The team's review time drops 70 percent because the harness reads what no human had time to read. The team's regression rate per release drops to a fraction of what it was, because every accepted change cleared the gate.

Limitations

Caveats worth flagging up front:

  • The dataset is the work. A curated regression suite for the codebase is the asset that makes the harness meaningful; without it, the harness scores against nothing.
  • LLM-as-judge calibration is per-codebase. Style and intent judges trained on one codebase do not transfer cleanly to another. Treat calibration as a per-codebase operational task.
  • Latency and cost compound. Each agent action adds evaluator calls. Pin smaller models for cheap evaluators; reserve frontier judges for the dimensions that matter.
  • Agents differ in tracing fidelity. Some CLI agents emit structured traces natively; others need wrapper instrumentation. Plan for the integration cost per agent.
  • The harness can over-fit. Tight floors on every dimension block legitimate trade-offs (a performance gain that fails a style check is not always wrong). Treat the harness as a guardrail, not a ceiling.

Evidence and sources

FAQ

Does the harness work for any CLI coding agent or just one? For any. The contract is the trace schema and the evaluator interface, not the agent vendor. Different agents emit traces with different fidelity; a wrapper layer normalizes them. The dataset, evaluators, and actions are the same.

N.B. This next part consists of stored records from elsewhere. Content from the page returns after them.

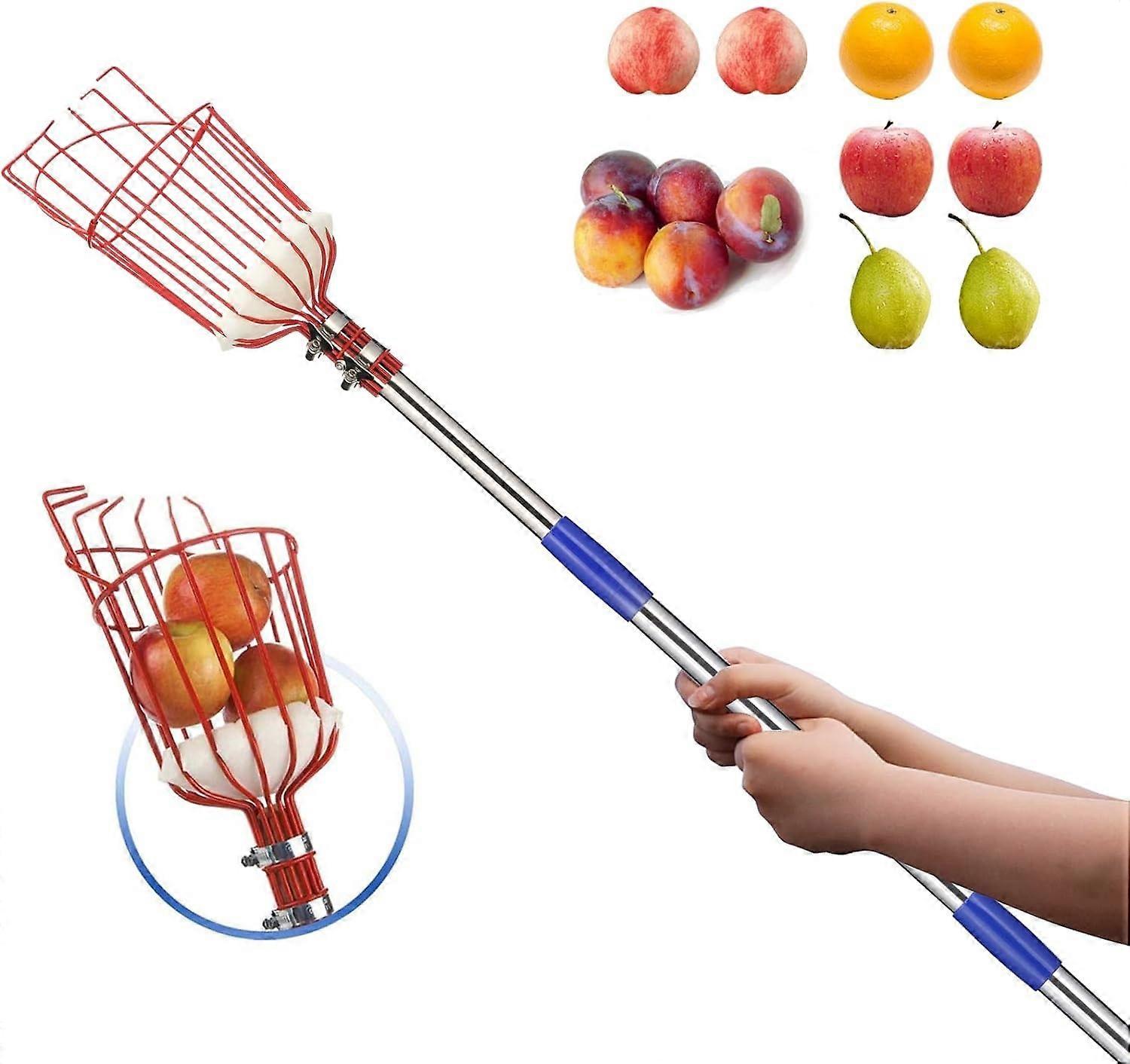 Fruit Picker Pole with Basket - 10 Foot Adjustable Height Tool for Picking Fruits, Lightweight Aluminum Frame, Ergonomic Handle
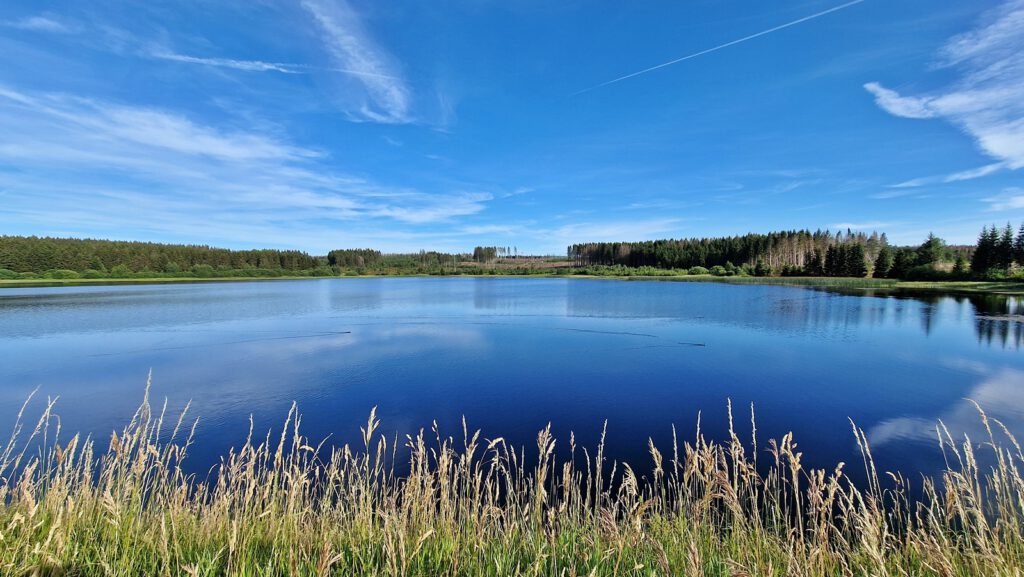 Blick über den Hirschler Teich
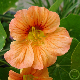Fleurs crème et pêche de la Capucine naine Peach Melba au jardin
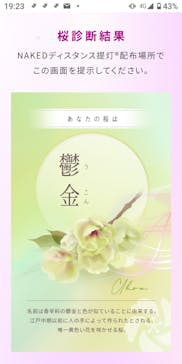 NAKED FLOWERS 2022 -桜- 世界遺産・二条城に投稿された画像（2022/4/13）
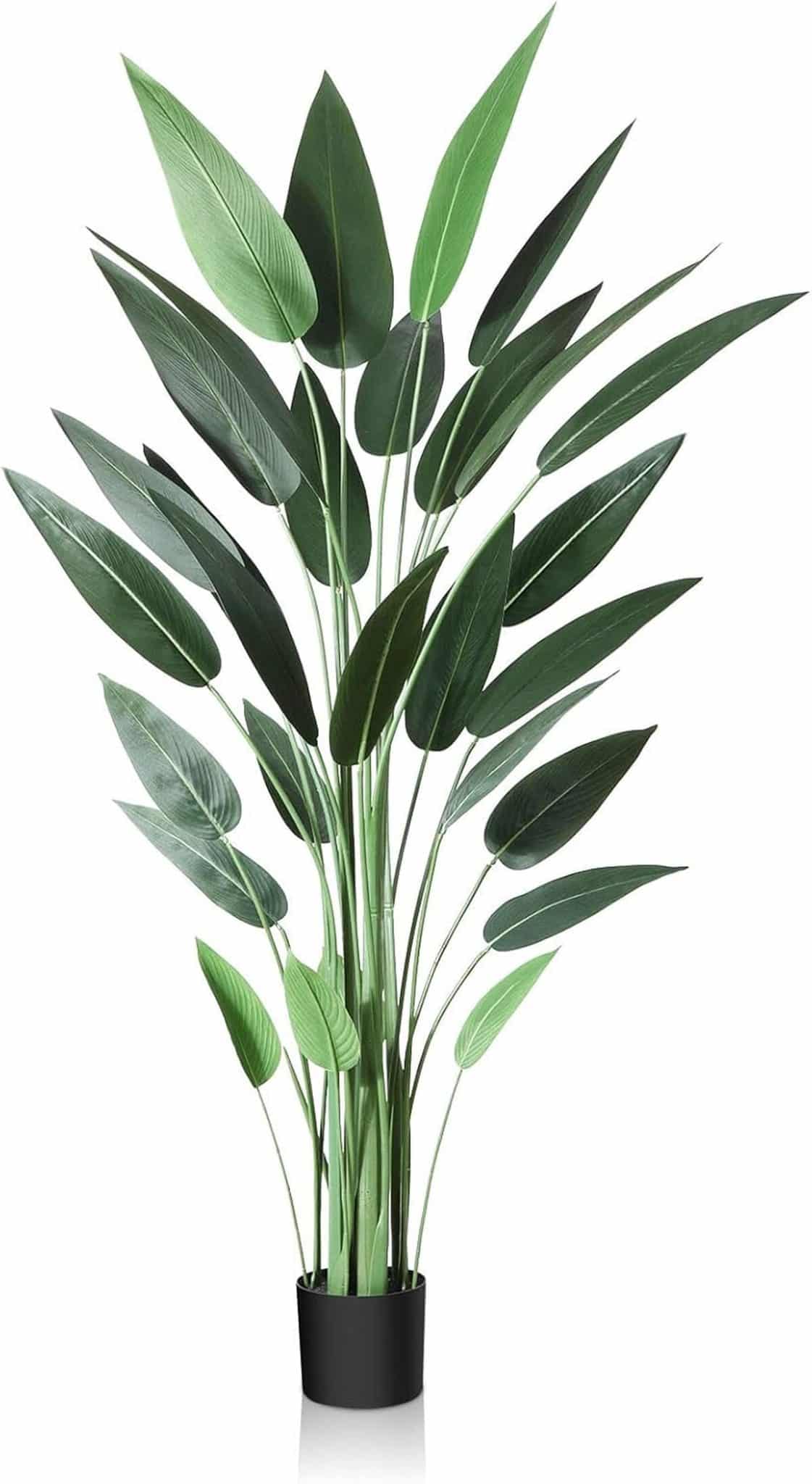 Avis : crosofmi canna lily tree 180cm déco tropicale intérieure et extérieure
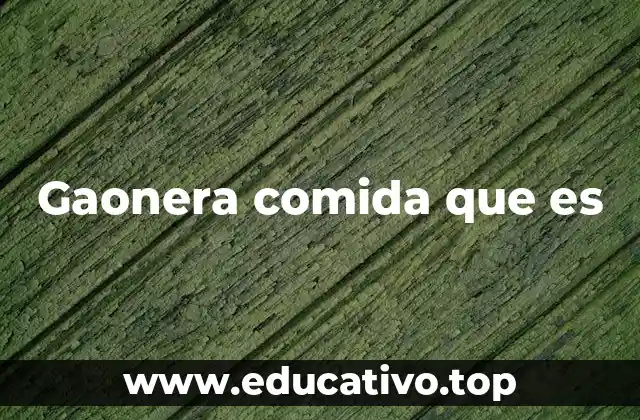 Gaonera comida que es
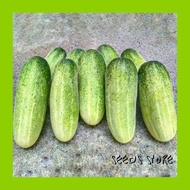 Vege Seeds (5pcs) / F1 Hybrid Timun Mini King / Mini King Cucumber / 小王黄瓜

How big does the regression dataset need to be? Coverage matters more than size. 100 representative cases covering the codebase's hot paths and known failure modes is more useful than 1000 near-duplicates. Grow the dataset by failure cluster, not by recency.

Should the harness block on style scores? No. Style is a tolerance-band dimension; the harness surfaces for review rather than rejects. Hard blocks belong on test pass rate, build green, and safety floors.

How does this compare to a human code review? The harness is faster and cheaper but blind to the things a human reviewer catches by reading intent. The two are complements: the harness handles deterministic and calibrated dimensions; the human handles intent and judgment.

Can the agent itself read the harness's output? Yes, and it should. An agent that consumes its own per-dimension scores from previous attempts iterates more efficiently. The feedback loop is the harness's most underused property.